SUPPLIED ENTRIES:
☆ ☆ ☆ ☆ ☆
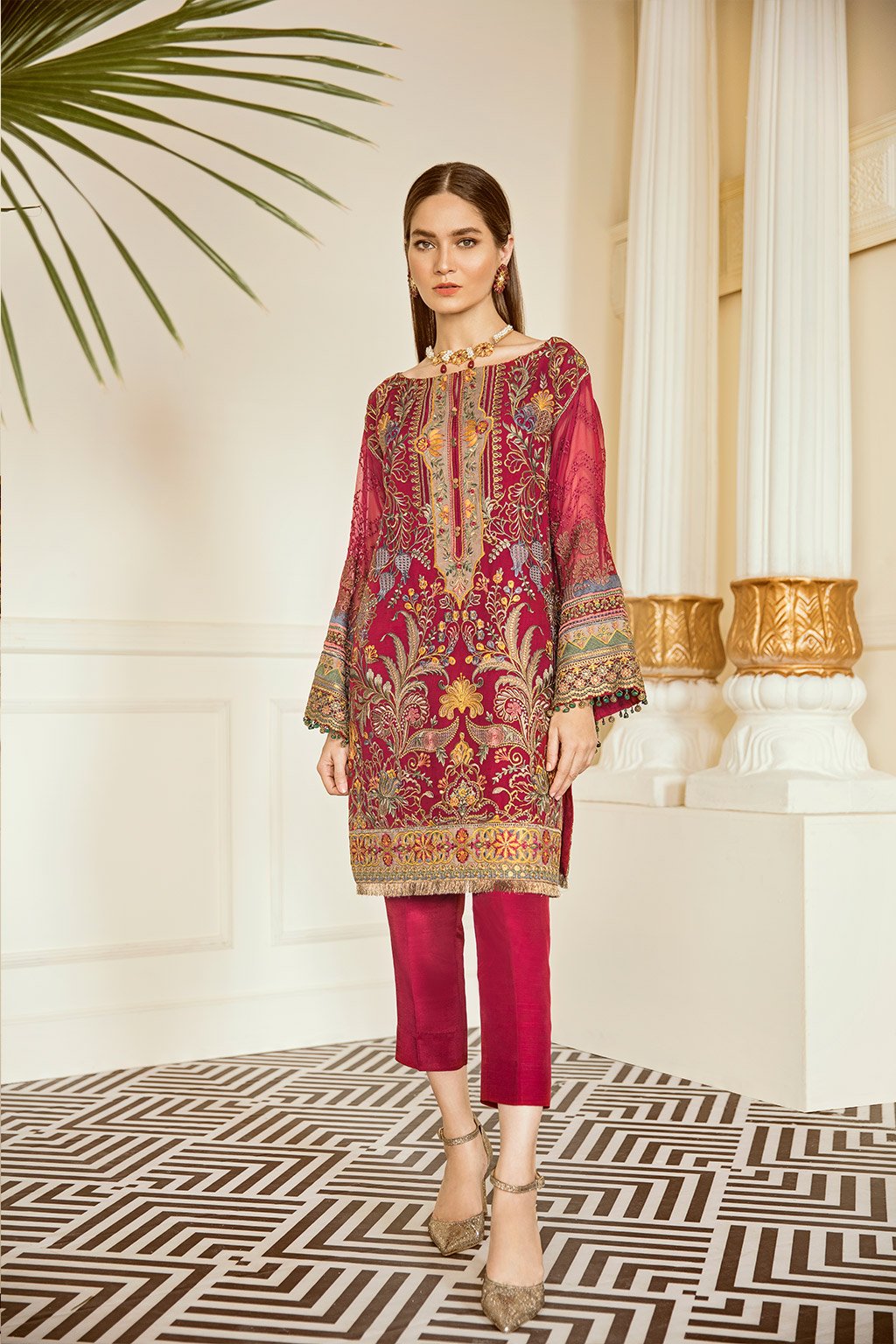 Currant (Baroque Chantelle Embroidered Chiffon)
☆ ☆ ☆ ☆ ☆
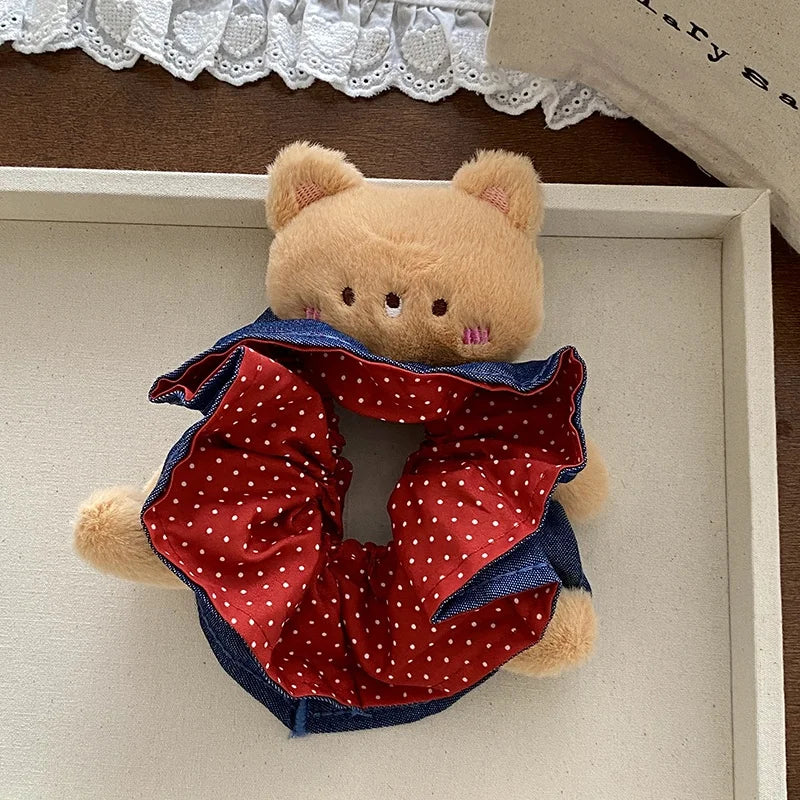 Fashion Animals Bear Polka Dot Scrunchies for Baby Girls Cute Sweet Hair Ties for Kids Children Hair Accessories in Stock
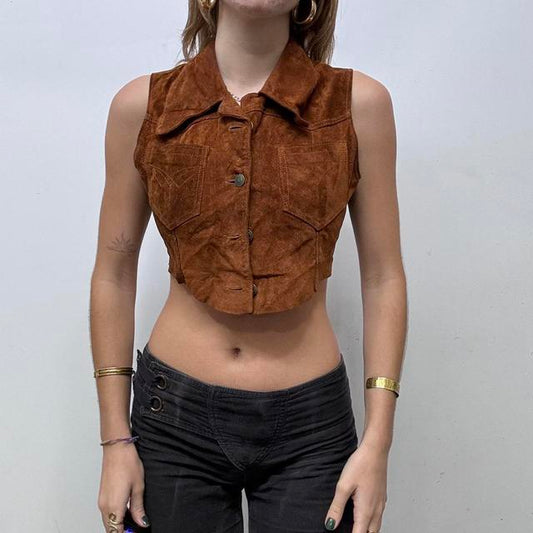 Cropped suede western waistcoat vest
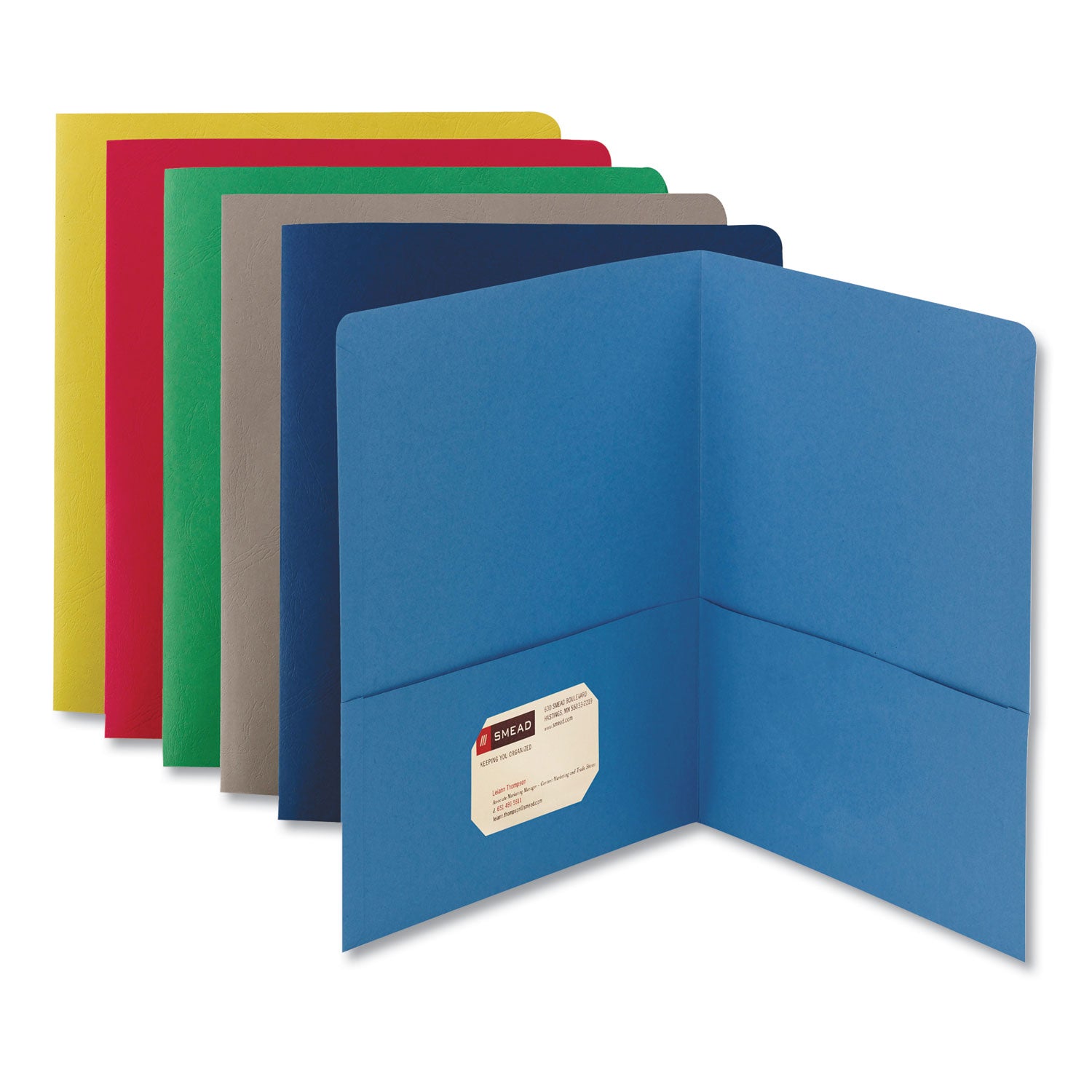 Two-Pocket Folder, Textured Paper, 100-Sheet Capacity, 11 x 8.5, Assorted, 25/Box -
☆ ☆ ☆ ☆ ☆
WHAT THE EXERCISE ASKS: From the data above, retype only the lines starting with the line with "Fashion Animals Bear" and going on through the line with "Two-Pocket Folder, Textured", exactly, leaving out the pictures.

WRITTEN REPLY:
 Fashion Animals Bear Polka Dot Scrunchies for Baby Girls Cute Sweet Hair Ties for Kids Children Hair Accessories in Stock
 Cropped suede western waistcoat vest
 Two-Pocket Folder, Textured Paper, 100-Sheet Capacity, 11 x 8.5, Assorted, 25/Box -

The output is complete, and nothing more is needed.